-- Records follows --
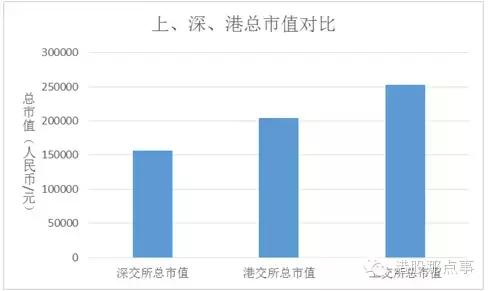 香港的衰败和深圳的崛起！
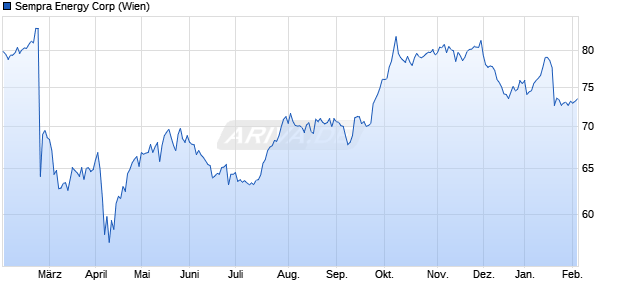 Sempra Energy Aktie Chart
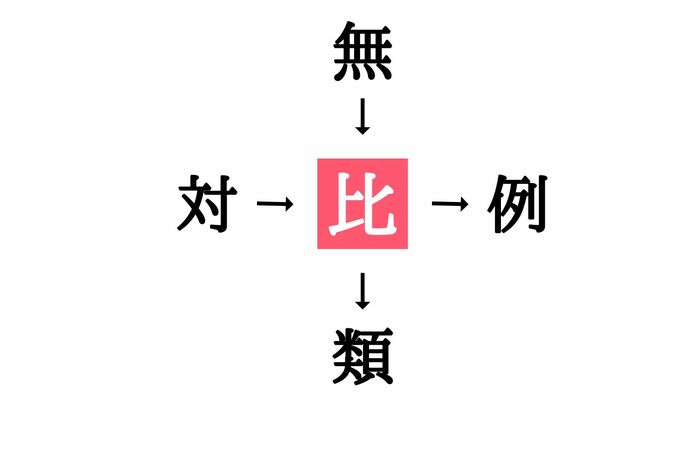 穴埋め漢字クイズ(答え)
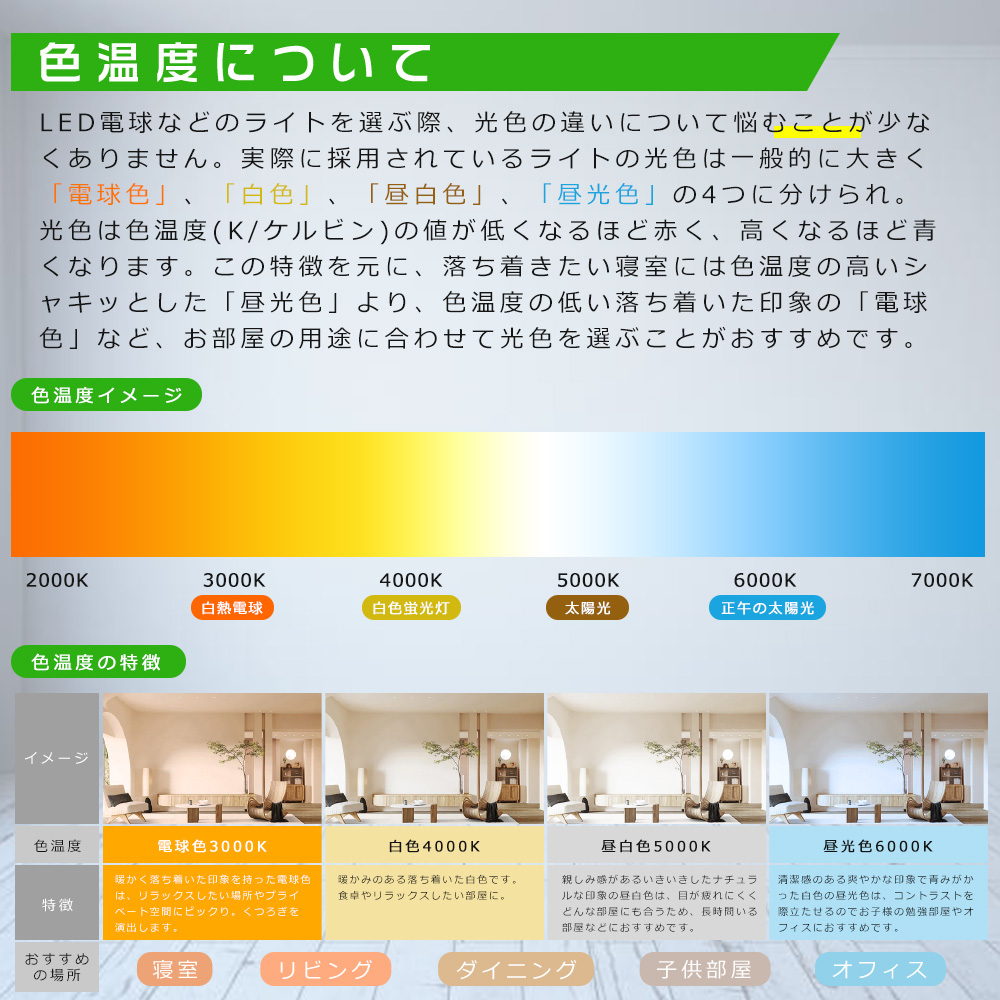 LEDコンパクト蛍光灯 FDL9 FDL9EX FDL9EX-N FDL9EXN 9形 FDL9形代替用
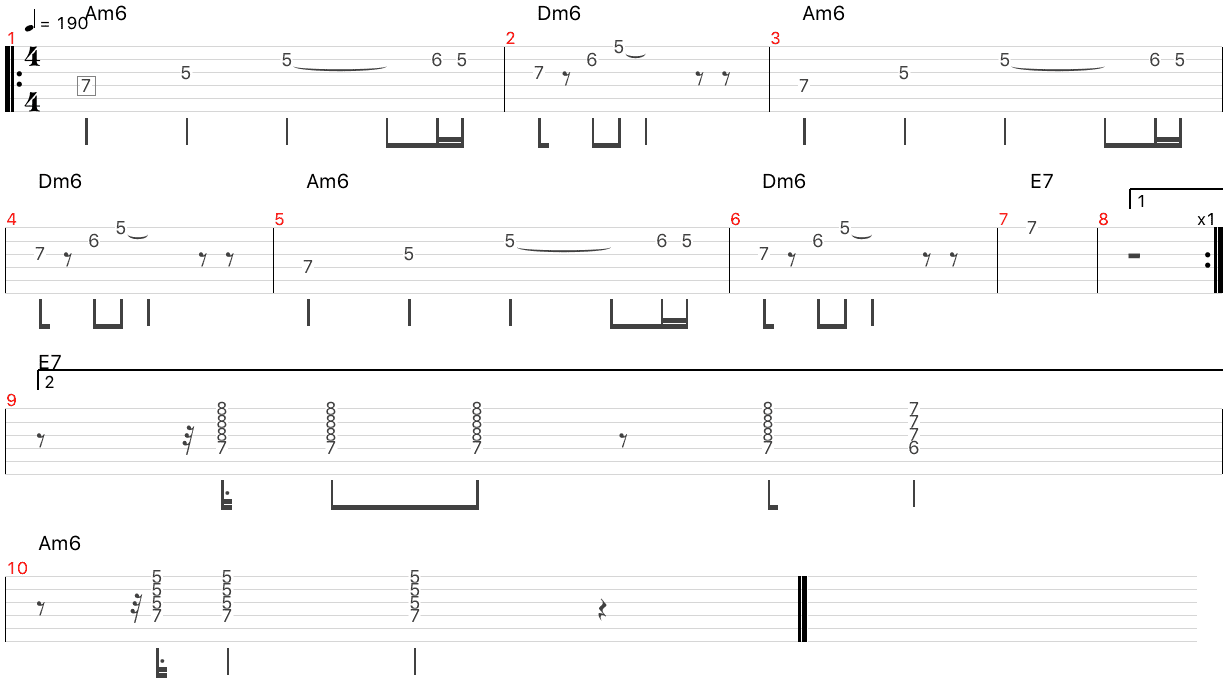 minor swing melody tab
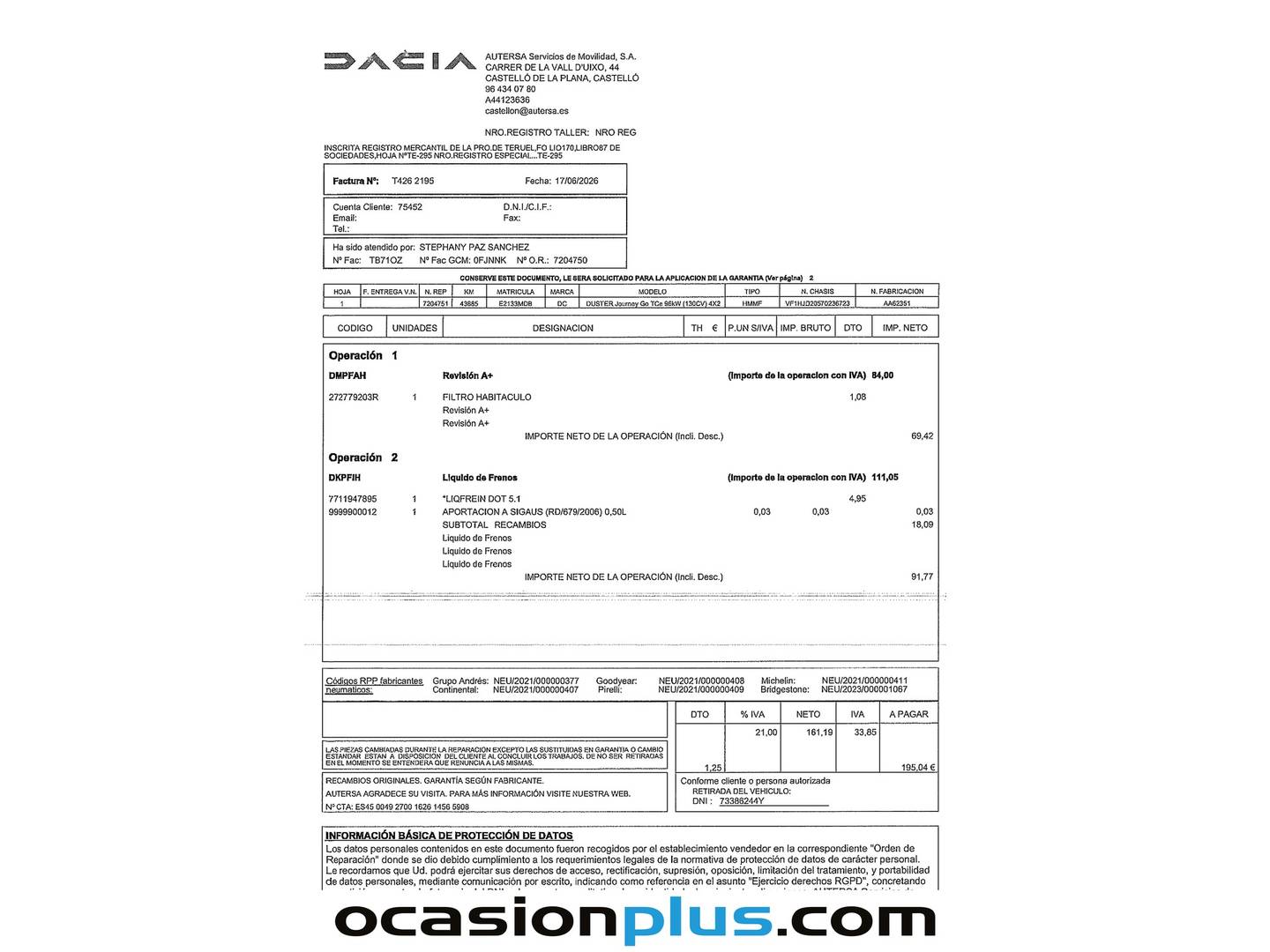Foto del mantenimiento del Dacia Duster Dacia Duster Journey Go TCE (130 CV) 4x2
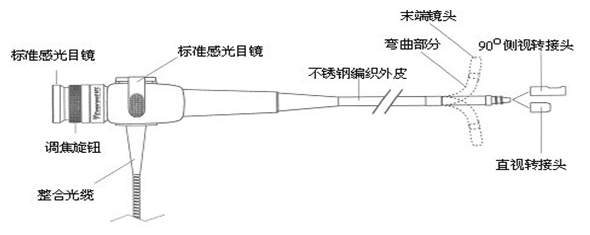 光纖內(nèi)窺鏡結(jié)構(gòu)圖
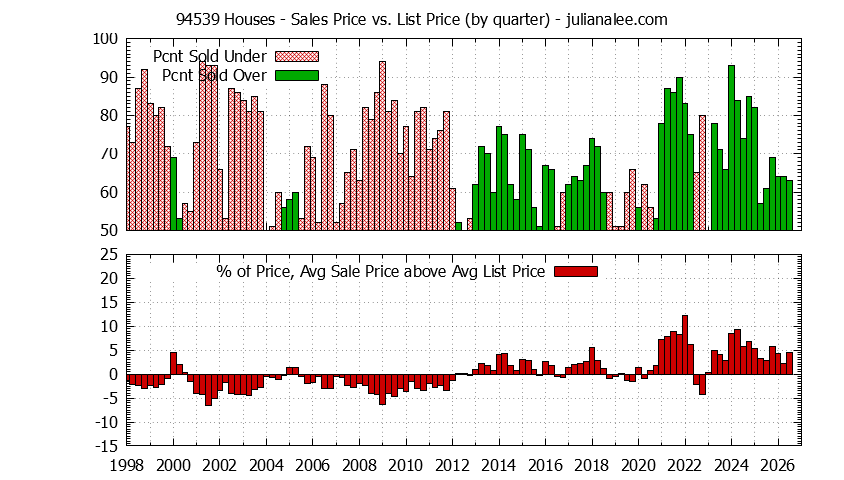 Graph of the Quarterly Average Sales Price vs. List Price for 94539 Houses - 94539 Real Estate Trends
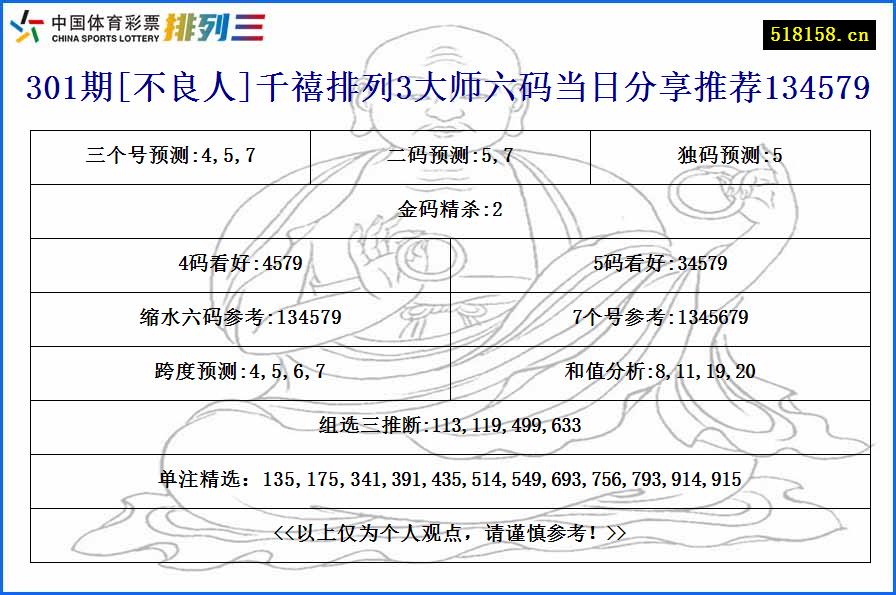 301期[不良人]千禧排列3大师六码当日分享推荐134579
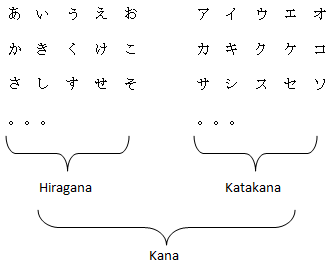 Explication des kana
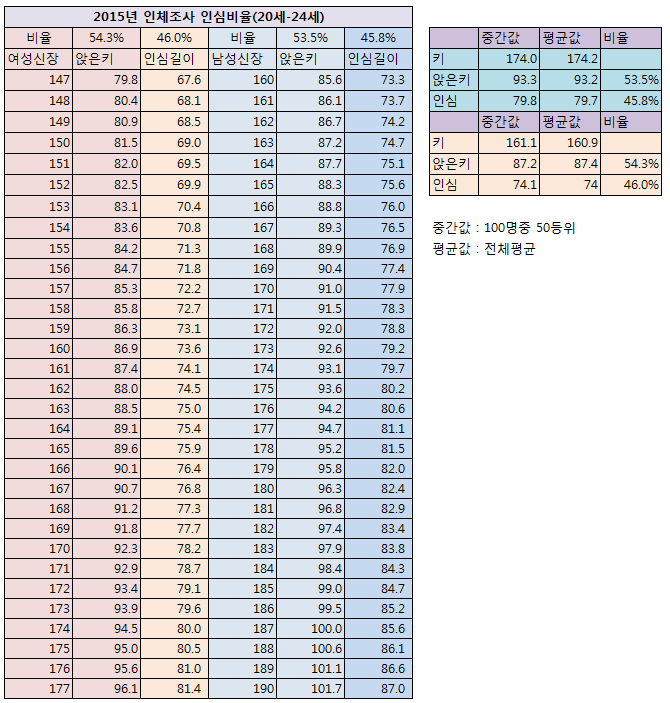 다리 길이로 몸 비율을 알아보자_1.png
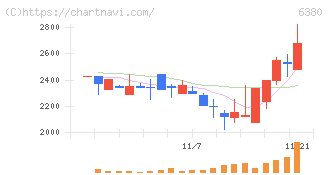 オリエンタルチエン工業(6380)の日足チャート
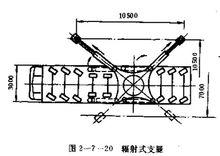 伸縮機構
-- Records concluded --
Aim of the task = Write out the listing above in full, word for word, with no pictures.

Finished exercise =
 香港的衰败和深圳的崛起！
 Sempra Energy Aktie Chart
 穴埋め漢字クイズ(答え)
 LEDコンパクト蛍光灯 FDL9 FDL9EX FDL9EX-N FDL9EXN 9形 FDL9形代替用
 minor swing melody tab
Foto del mantenimiento del Dacia Duster Dacia Duster Journey Go TCE (130 CV) 4x2
 光纖內(nèi)窺鏡結(jié)構(gòu)圖
 Graph of the Quarterly Average Sales Price vs. List Price for 94539 Houses - 94539 Real Estate Trends
 301期[不良人]千禧排列3大师六码当日分享推荐134579
 Explication des kana
 다리 길이로 몸 비율을 알아보자_1.png
 オリエンタルチエン工業(6380)の日足チャート
 伸縮機構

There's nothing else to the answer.